Available records:
····················

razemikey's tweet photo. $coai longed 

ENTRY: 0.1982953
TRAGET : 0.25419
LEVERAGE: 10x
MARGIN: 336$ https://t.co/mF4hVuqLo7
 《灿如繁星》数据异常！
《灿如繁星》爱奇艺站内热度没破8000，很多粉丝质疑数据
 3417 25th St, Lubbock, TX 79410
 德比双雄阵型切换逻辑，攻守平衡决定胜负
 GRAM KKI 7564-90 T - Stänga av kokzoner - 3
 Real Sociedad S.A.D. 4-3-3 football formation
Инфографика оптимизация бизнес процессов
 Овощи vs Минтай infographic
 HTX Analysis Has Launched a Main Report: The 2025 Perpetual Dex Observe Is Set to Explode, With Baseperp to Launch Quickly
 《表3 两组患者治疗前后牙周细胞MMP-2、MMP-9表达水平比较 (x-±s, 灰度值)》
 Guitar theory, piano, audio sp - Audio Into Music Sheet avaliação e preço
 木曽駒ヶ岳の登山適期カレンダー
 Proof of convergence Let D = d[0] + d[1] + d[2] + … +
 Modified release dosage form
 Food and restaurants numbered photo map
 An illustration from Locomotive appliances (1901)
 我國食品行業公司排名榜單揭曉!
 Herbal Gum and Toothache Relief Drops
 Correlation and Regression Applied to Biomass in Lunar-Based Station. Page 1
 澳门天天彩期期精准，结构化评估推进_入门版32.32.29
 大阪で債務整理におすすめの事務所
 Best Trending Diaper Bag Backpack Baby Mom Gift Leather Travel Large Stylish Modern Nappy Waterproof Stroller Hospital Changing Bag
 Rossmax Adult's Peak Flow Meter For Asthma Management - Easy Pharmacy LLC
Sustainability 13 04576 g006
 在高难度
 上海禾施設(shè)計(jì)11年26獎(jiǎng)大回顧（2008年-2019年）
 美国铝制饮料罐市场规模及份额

····················

Task objective:
For this exercise, all the data must be repeated exactly.

Solution to this problem:
razemikey's tweet photo. $coai longed 

ENTRY: 0.1982953
TRAGET : 0.25419
LEVERAGE: 10x
MARGIN: 336$ https://t.co/mF4hVuqLo7
 《灿如繁星》数据异常！
《灿如繁星》爱奇艺站内热度没破8000，很多粉丝质疑数据
 3417 25th St, Lubbock, TX 79410
 德比双雄阵型切换逻辑，攻守平衡决定胜负
 GRAM KKI 7564-90 T - Stänga av kokzoner - 3
 Real Sociedad S.A.D. 4-3-3 football formation
Инфографика оптимизация бизнес процессов
 Овощи vs Минтай infographic
 HTX Analysis Has Launched a Main Report: The 2025 Perpetual Dex Observe Is Set to Explode, With Baseperp to Launch Quickly
 《表3 两组患者治疗前后牙周细胞MMP-2、MMP-9表达水平比较 (x-±s, 灰度值)》
 Guitar theory, piano, audio sp - Audio Into Music Sheet avaliação e preço
 木曽駒ヶ岳の登山適期カレンダー
 Proof of convergence Let D = d[0] + d[1] + d[2] + … +
 Modified release dosage form
 Food and restaurants numbered photo map
 An illustration from Locomotive appliances (1901)
 我國食品行業公司排名榜單揭曉!
 Herbal Gum and Toothache Relief Drops
 Correlation and Regression Applied to Biomass in Lunar-Based Station. Page 1
 澳门天天彩期期精准，结构化评估推进_入门版32.32.29
 大阪で債務整理におすすめの事務所
 Best Trending Diaper Bag Backpack Baby Mom Gift Leather Travel Large Stylish Modern Nappy Waterproof Stroller Hospital Changing Bag
 Rossmax Adult's Peak Flow Meter For Asthma Management - Easy Pharmacy LLC
Sustainability 13 04576 g006
 在高难度
 上海禾施設(shè)計(jì)11年26獎(jiǎng)大回顧（2008年-2019年）
 美国铝制饮料罐市场规模及份额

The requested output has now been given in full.